DIRECTIONS: Using the listing below, retype exactly the lines starting at the one with "Pool at Roots" and ending at the one with "Open living room", and include both.
########################################
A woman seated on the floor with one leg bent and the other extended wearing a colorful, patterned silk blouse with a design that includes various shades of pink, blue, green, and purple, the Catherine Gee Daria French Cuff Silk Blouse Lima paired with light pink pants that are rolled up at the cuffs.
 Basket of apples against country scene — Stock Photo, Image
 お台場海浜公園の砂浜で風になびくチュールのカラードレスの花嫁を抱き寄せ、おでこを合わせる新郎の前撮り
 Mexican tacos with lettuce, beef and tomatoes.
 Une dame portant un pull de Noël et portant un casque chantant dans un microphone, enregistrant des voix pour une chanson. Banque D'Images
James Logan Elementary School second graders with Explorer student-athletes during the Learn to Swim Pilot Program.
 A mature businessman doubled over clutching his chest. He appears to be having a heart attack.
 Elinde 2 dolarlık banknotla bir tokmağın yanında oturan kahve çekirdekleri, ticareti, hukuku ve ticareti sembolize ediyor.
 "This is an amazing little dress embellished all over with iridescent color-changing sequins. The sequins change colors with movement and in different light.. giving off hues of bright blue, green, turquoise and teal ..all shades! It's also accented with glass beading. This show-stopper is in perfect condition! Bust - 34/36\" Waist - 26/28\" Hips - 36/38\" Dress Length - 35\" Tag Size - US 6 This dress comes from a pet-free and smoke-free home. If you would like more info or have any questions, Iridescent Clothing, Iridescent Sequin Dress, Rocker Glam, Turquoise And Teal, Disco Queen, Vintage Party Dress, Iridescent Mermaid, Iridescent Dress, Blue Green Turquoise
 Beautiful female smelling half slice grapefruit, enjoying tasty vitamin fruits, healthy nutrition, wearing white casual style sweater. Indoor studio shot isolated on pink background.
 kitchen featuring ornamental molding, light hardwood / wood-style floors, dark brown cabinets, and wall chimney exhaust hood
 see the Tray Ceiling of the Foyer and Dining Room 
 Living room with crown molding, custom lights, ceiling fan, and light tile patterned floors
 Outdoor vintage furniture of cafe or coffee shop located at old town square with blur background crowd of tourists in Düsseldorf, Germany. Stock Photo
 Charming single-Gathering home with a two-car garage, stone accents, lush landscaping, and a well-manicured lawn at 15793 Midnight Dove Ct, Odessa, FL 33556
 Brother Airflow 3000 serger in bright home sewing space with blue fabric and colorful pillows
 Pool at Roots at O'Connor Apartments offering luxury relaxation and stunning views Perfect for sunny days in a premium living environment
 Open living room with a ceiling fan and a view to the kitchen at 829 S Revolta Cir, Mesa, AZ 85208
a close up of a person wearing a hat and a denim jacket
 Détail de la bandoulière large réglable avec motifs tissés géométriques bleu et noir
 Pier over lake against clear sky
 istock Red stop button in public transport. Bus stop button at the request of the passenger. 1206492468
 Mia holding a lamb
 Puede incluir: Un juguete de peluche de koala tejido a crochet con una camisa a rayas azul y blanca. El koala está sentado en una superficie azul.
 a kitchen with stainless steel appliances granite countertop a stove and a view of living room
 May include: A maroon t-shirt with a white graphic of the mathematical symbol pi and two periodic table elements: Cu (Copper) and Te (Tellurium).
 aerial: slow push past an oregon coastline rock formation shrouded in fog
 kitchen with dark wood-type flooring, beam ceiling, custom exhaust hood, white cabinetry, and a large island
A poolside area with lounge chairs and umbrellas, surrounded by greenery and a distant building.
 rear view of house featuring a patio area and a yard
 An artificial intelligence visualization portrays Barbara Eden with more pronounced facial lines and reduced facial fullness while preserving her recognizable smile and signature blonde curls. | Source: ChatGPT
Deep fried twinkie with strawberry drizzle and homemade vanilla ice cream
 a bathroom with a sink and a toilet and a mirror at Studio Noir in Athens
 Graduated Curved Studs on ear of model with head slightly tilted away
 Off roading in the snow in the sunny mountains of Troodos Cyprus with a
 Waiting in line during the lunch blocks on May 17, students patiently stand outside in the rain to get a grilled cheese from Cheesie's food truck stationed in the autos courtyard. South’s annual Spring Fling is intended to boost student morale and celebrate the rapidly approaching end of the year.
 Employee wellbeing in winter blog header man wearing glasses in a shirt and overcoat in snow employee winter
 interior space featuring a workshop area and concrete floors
########################################
WRITTEN ANSWER:
 Pool at Roots at O'Connor Apartments offering luxury relaxation and stunning views Perfect for sunny days in a premium living environment
 Open living room with a ceiling fan and a view to the kitchen at 829 S Revolta Cir, Mesa, AZ 85208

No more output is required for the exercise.